Items from a data source:
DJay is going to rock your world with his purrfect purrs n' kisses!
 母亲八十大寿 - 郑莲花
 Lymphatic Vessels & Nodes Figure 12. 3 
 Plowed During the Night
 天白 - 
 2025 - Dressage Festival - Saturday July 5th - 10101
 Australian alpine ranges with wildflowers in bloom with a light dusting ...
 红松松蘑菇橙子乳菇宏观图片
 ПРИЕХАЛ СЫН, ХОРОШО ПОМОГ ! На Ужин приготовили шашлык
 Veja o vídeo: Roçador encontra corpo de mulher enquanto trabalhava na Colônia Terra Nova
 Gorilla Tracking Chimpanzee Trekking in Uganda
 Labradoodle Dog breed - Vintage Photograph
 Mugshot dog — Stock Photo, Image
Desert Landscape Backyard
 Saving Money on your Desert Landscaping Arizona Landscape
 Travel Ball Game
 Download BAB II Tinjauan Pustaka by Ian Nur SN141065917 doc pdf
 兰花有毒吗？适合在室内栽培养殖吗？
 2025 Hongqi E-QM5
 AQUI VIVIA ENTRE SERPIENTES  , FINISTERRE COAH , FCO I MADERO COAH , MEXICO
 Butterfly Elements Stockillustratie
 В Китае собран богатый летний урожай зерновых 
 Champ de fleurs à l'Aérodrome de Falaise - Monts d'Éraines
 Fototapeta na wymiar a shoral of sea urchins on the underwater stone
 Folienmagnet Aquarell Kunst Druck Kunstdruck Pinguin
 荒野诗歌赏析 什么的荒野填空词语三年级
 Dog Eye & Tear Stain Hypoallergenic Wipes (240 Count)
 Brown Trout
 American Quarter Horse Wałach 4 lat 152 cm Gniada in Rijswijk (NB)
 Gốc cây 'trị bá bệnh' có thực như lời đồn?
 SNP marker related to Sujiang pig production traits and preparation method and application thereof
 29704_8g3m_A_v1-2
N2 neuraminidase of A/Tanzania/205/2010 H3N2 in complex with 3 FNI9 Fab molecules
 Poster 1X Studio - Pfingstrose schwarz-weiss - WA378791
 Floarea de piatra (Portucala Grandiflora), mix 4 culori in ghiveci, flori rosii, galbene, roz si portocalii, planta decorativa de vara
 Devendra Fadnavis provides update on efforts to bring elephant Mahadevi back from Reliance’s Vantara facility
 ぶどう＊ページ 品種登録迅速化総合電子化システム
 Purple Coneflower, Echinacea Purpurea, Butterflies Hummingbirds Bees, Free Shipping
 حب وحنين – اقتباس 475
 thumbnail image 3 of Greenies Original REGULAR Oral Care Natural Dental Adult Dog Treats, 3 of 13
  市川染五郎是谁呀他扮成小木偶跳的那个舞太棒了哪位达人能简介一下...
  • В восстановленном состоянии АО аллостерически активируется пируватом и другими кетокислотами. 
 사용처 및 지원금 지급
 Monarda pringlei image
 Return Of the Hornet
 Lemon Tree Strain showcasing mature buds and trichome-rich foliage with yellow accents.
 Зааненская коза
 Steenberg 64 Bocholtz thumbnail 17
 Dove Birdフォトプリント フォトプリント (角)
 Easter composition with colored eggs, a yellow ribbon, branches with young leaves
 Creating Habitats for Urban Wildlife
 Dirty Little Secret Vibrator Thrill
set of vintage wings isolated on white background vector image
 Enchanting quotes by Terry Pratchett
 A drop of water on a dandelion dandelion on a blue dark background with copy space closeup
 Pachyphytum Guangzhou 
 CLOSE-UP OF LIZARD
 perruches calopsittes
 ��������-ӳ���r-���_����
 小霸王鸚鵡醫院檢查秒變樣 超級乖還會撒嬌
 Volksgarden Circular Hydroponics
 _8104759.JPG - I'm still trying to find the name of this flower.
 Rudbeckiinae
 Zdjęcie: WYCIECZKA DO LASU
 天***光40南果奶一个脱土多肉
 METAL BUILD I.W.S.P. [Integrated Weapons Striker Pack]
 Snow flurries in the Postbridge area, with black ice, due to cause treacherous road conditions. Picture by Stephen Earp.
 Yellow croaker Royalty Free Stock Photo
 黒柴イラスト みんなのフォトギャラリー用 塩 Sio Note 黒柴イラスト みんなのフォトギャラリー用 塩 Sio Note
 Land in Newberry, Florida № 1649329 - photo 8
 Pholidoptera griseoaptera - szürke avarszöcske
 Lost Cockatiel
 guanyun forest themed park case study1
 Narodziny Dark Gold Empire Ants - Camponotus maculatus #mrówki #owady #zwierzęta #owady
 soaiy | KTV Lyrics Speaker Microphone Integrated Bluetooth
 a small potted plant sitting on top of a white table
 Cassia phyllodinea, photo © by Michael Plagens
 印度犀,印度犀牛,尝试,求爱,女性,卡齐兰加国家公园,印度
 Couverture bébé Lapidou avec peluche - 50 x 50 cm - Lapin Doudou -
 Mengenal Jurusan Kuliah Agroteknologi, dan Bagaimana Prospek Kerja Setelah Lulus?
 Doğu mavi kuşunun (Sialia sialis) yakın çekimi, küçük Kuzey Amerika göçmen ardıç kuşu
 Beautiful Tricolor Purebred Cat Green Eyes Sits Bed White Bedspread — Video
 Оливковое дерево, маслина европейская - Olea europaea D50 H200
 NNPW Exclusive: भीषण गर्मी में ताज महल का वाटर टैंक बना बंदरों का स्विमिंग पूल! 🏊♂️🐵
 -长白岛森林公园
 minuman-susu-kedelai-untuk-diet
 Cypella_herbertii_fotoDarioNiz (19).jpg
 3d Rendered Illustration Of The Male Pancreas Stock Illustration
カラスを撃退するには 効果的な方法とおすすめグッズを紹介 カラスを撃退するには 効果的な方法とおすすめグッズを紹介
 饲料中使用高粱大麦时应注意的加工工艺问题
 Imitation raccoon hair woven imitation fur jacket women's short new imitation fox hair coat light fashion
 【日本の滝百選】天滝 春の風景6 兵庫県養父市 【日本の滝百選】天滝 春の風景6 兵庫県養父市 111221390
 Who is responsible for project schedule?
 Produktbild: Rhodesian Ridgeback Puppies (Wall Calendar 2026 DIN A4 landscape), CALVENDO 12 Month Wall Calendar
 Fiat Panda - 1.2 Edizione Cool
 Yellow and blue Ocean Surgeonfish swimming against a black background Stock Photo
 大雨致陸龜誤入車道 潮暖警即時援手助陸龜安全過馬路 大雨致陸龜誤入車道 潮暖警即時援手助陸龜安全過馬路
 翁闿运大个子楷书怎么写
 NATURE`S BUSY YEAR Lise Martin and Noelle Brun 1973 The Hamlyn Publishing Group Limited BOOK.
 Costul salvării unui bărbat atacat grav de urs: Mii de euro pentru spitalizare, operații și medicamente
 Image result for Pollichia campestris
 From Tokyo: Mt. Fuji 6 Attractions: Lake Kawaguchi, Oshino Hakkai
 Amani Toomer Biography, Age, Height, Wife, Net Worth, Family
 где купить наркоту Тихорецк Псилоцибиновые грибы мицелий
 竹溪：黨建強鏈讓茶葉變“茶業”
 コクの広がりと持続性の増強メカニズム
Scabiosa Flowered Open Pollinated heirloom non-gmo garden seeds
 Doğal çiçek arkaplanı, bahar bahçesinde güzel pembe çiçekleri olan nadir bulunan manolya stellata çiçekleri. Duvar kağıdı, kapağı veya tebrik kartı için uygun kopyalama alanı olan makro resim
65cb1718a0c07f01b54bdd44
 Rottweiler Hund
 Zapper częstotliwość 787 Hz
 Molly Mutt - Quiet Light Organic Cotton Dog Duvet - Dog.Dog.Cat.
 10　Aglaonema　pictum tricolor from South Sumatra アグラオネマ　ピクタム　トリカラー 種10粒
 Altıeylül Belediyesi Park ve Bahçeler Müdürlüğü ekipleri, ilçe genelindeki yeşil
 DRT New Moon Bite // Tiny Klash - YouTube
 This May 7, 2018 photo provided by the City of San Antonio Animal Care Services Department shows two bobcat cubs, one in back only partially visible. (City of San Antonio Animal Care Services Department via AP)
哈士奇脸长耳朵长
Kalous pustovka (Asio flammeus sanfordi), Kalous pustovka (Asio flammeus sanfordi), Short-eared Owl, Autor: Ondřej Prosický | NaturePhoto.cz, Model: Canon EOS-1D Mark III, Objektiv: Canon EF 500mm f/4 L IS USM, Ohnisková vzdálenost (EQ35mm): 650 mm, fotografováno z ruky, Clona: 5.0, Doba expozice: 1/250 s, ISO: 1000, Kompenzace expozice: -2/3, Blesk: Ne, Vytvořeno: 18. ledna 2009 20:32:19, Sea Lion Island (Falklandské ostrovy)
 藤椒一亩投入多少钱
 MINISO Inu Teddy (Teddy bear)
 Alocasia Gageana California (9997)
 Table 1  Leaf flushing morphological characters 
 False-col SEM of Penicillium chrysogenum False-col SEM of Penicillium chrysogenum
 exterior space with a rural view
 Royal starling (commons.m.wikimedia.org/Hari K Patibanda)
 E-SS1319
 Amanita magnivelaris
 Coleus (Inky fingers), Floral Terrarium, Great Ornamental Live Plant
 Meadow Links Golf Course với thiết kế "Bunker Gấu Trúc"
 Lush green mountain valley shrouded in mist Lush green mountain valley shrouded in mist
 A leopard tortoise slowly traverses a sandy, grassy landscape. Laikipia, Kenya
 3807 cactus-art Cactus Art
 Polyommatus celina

**Work instruction**
Would you please copy exactly the part of the entries above that begins at the line containing "Pholidoptera griseoaptera - szürke" and ends at the line containing "a small potted", both lines included?

**Solution**
 Pholidoptera griseoaptera - szürke avarszöcske
 Lost Cockatiel
 guanyun forest themed park case study1
 Narodziny Dark Gold Empire Ants - Camponotus maculatus #mrówki #owady #zwierzęta #owady
 soaiy | KTV Lyrics Speaker Microphone Integrated Bluetooth
 a small potted plant sitting on top of a white table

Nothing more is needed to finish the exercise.